### PROBLEM DETAILS:
Starting from the line with "Natural gut is" and going up to and including the line with "It has some", copy the listing below exactly. Leave all images out.

### EXERCISE INPUT:

····················

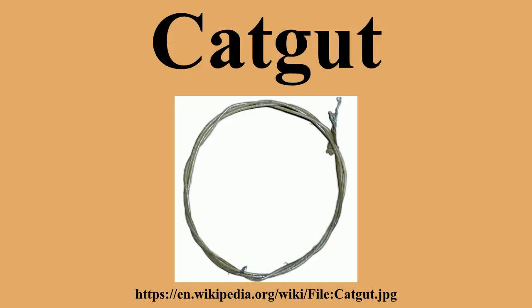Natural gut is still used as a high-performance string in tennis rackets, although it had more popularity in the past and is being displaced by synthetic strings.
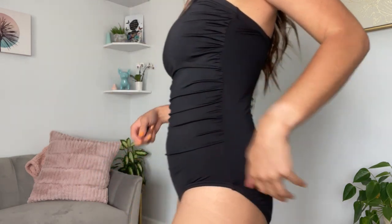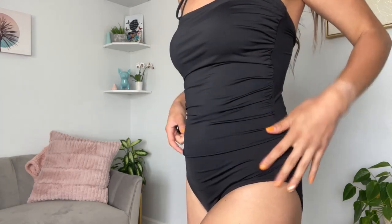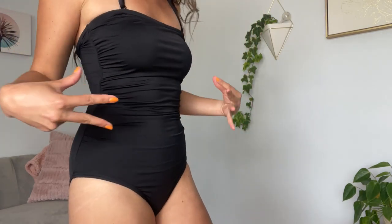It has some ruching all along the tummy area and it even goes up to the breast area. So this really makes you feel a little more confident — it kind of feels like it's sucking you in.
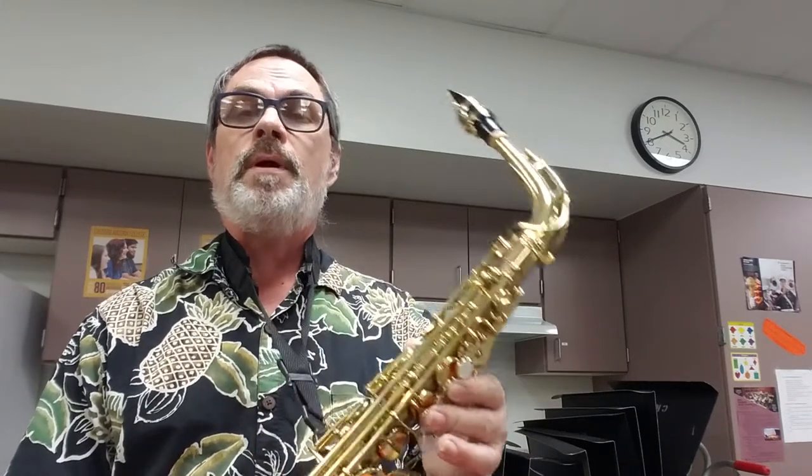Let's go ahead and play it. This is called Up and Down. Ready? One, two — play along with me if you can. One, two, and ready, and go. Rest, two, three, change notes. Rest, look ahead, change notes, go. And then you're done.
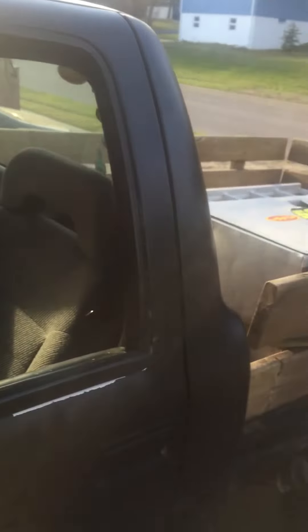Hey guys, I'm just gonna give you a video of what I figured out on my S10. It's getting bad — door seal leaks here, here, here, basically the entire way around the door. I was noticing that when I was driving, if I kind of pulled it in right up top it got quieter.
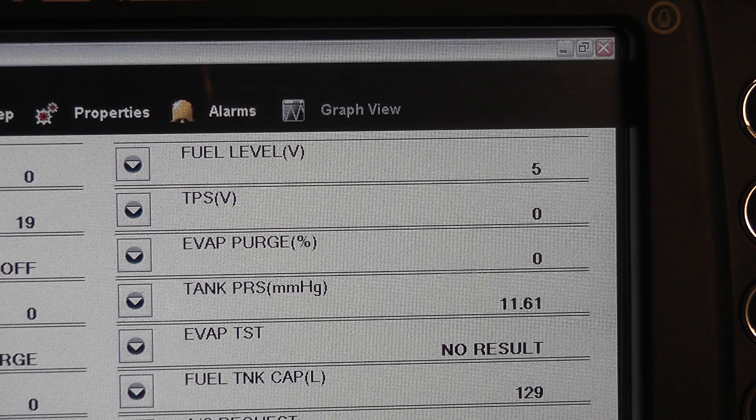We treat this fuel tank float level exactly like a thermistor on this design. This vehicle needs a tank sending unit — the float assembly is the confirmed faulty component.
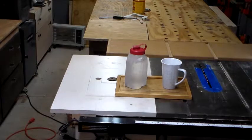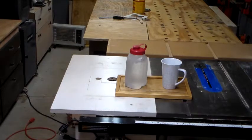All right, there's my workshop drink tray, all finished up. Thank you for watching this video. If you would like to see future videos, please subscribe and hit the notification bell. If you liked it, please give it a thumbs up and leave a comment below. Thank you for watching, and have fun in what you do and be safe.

····················

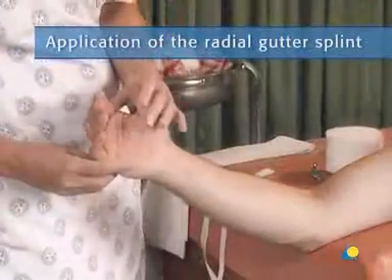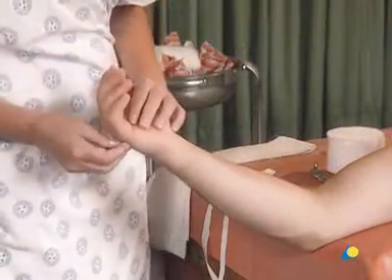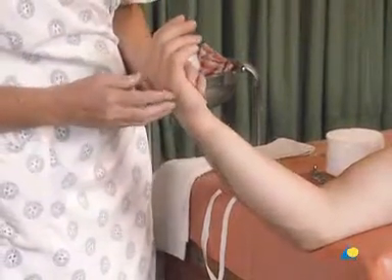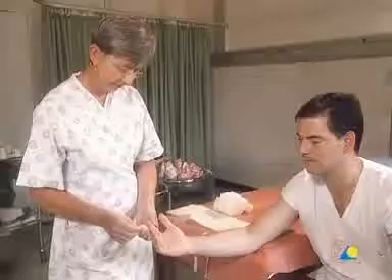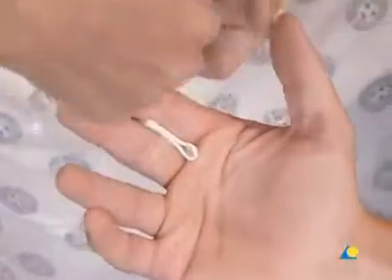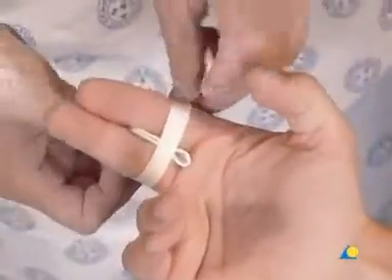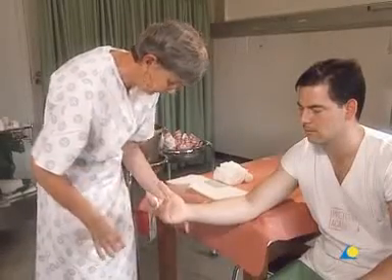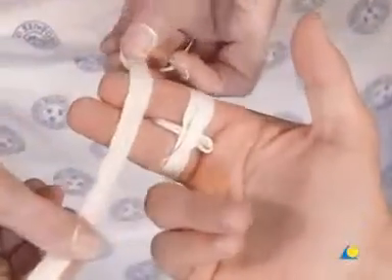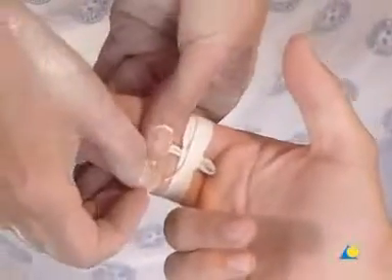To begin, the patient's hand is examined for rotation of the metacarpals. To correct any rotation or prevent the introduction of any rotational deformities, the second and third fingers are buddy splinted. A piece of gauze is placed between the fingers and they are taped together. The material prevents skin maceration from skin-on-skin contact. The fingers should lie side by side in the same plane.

····················

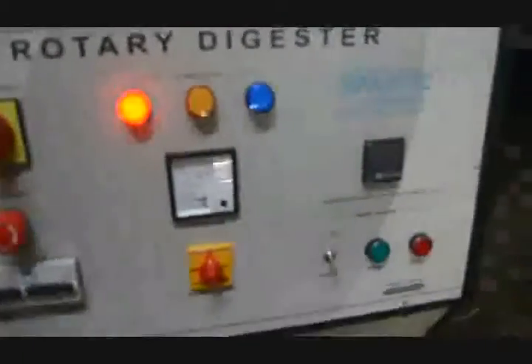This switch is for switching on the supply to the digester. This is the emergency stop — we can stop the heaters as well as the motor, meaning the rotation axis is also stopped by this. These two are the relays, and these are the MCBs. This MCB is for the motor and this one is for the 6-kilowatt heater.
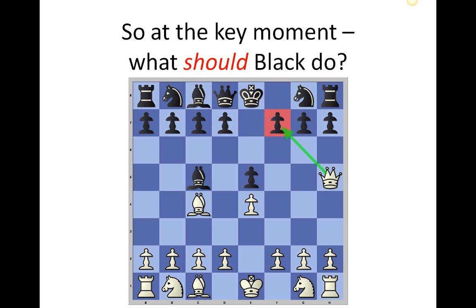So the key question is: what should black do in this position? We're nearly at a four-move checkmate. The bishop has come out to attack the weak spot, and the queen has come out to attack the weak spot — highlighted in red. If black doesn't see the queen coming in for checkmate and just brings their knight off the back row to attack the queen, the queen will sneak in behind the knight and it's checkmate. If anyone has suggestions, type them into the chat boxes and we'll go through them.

····················

### RESULT BELOW:
Natural gut is still used as a high-performance string in tennis rackets, although it had more popularity in the past and is being displaced by synthetic strings.
It has some ruching all along the tummy area and it even goes up to the breast area. So this really makes you feel a little more confident — it kind of feels like it's sucking you in.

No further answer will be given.